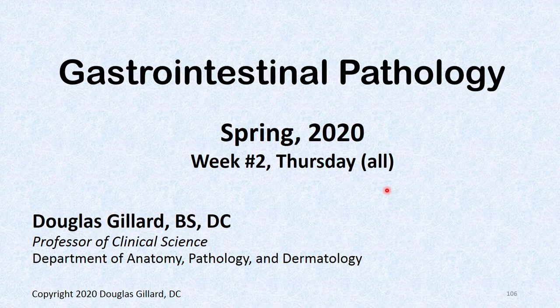Hi guys, Dr. Dillard here again. We've got about a hundred slides to cover for gastrointestinal pathology. I'll probably break this up into pieces, but I'll just run it all together — you won't notice because I'll pause and come back. This is all your gastrointestinal pathology for the day. It's Spring 2020.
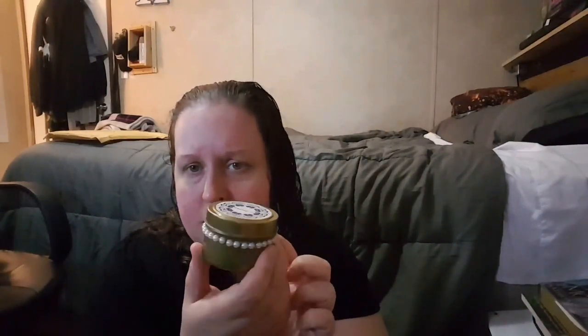Next thing out of the box is this candle, and it is a St. Petersburg tin with a pearl sticker — or hot glued, I don't think it's hot glued — but yeah. And it smells really good. It doesn't say what scent it is, but it did come with a card this time, so yay.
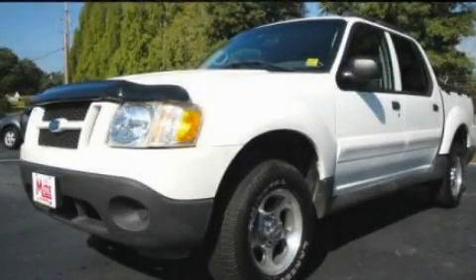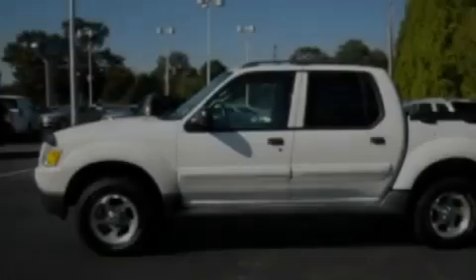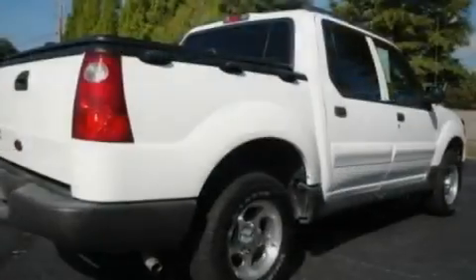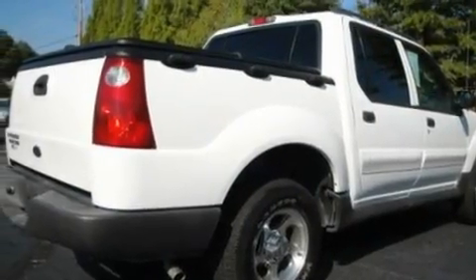This is a 2005 Ford Explorer for when safety, size, and space are of importance. It has a 4.0-liter six-cylinder engine and an automatic transmission.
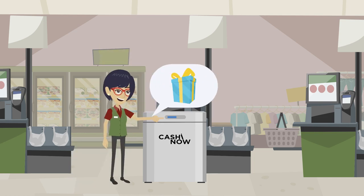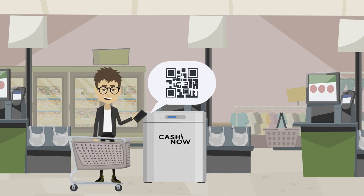Incentives can be set via the integrated display in CashinNow machines. The customer will scan the QR code to download an MRX wallet and an instruction sheet.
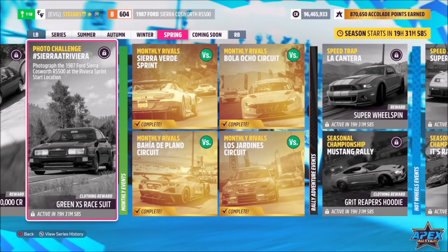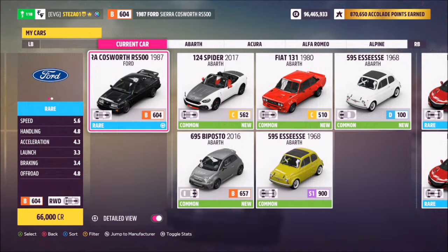Hello and welcome back to the channel. This week's photo challenge is called Sierra at Riviera, which wants you to photograph the 1987 Ford Sierra Cosworth RS500 at the Riviera Sprint start location. This is a 1987 Ford Sierra Cosworth RS500 and it will set you back 66,000 credits from the auto show if you don't own it already.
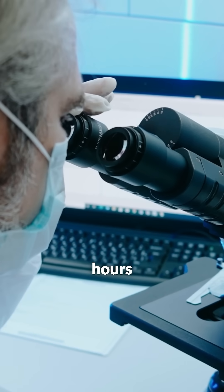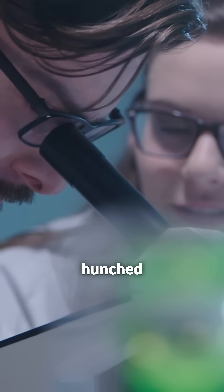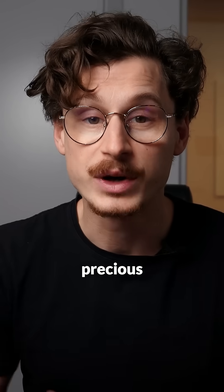Every time a scientist spends hours manually adjusting and analyzing microscopy data, that's time we all lose — time that could be spent finding cures, developing new treatments, or unlocking breakthroughs that change the world. So for every hour your team spends hunched over a microscope manually hunting for data, they're losing precious time that could be used for actual breakthroughs.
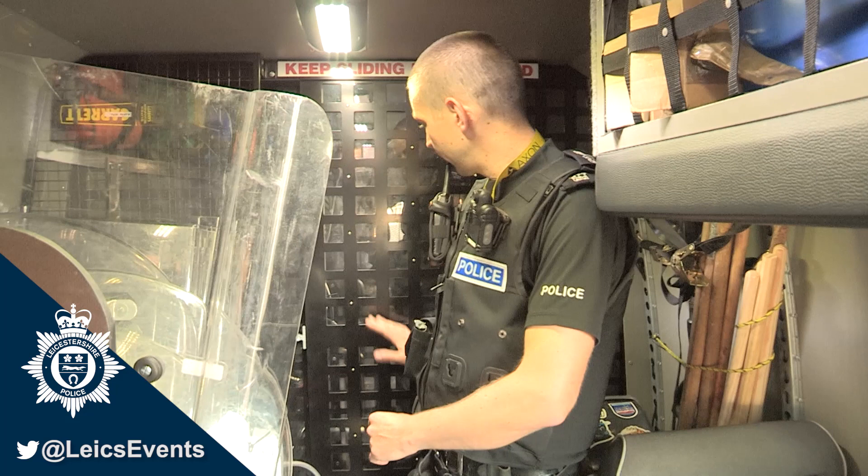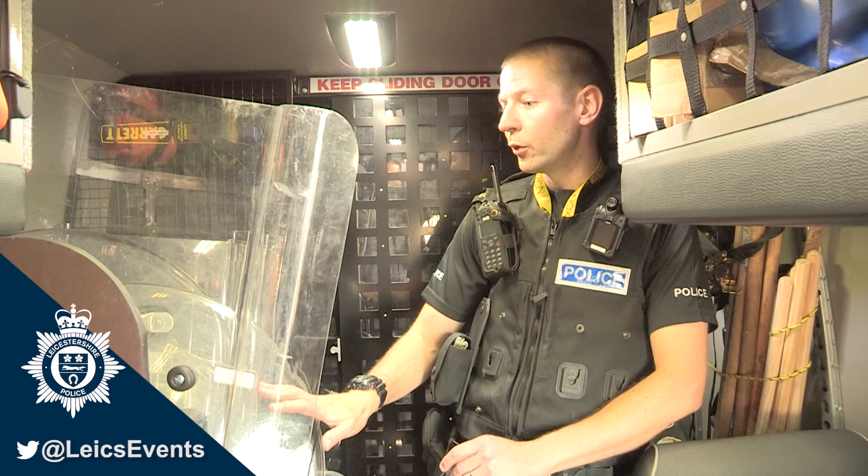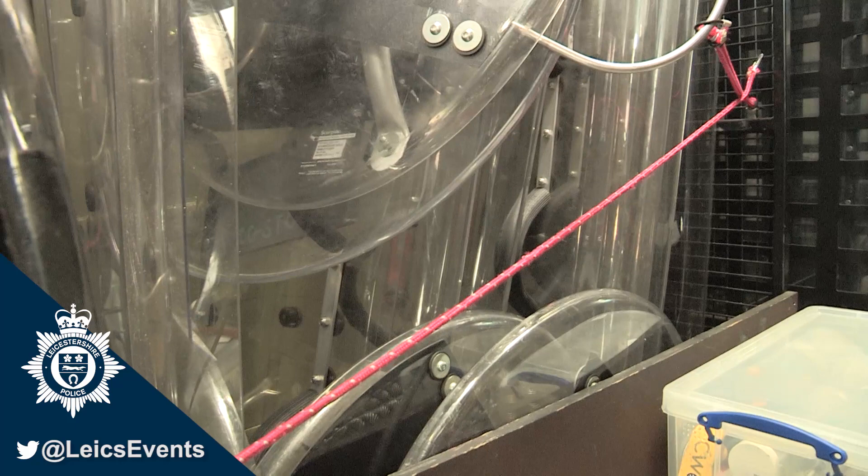At the back of the van we've got access where we can keep an eye on any prisoners that are in the cage, so we can monitor them on our way to custody. But this is where we also keep our shields, so if we are deployed in full PSU kit we will use these shields in order to protect ourselves as well.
--------------------------------------------------
Only the pictures are to be left out; write out all the other data exactly.

Hi guys, Dr. Dillard here again. We've got about a hundred slides to cover for gastrointestinal pathology. I'll probably break this up into pieces, but I'll just run it all together — you won't notice because I'll pause and come back. This is all your gastrointestinal pathology for the day. It's Spring 2020.
Next thing out of the box is this candle, and it is a St. Petersburg tin with a pearl sticker — or hot glued, I don't think it's hot glued — but yeah. And it smells really good. It doesn't say what scent it is, but it did come with a card this time, so yay.
This is a 2005 Ford Explorer for when safety, size, and space are of importance. It has a 4.0-liter six-cylinder engine and an automatic transmission.
Incentives can be set via the integrated display in CashinNow machines. The customer will scan the QR code to download an MRX wallet and an instruction sheet.
Hello and welcome back to the channel. This week's photo challenge is called Sierra at Riviera, which wants you to photograph the 1987 Ford Sierra Cosworth RS500 at the Riviera Sprint start location. This is a 1987 Ford Sierra Cosworth RS500 and it will set you back 66,000 credits from the auto show if you don't own it already.
Every time a scientist spends hours manually adjusting and analyzing microscopy data, that's time we all lose — time that could be spent finding cures, developing new treatments, or unlocking breakthroughs that change the world. So for every hour your team spends hunched over a microscope manually hunting for data, they're losing precious time that could be used for actual breakthroughs.
At the back of the van we've got access where we can keep an eye on any prisoners that are in the cage, so we can monitor them on our way to custody. But this is where we also keep our shields, so if we are deployed in full PSU kit we will use these shields in order to protect ourselves as well.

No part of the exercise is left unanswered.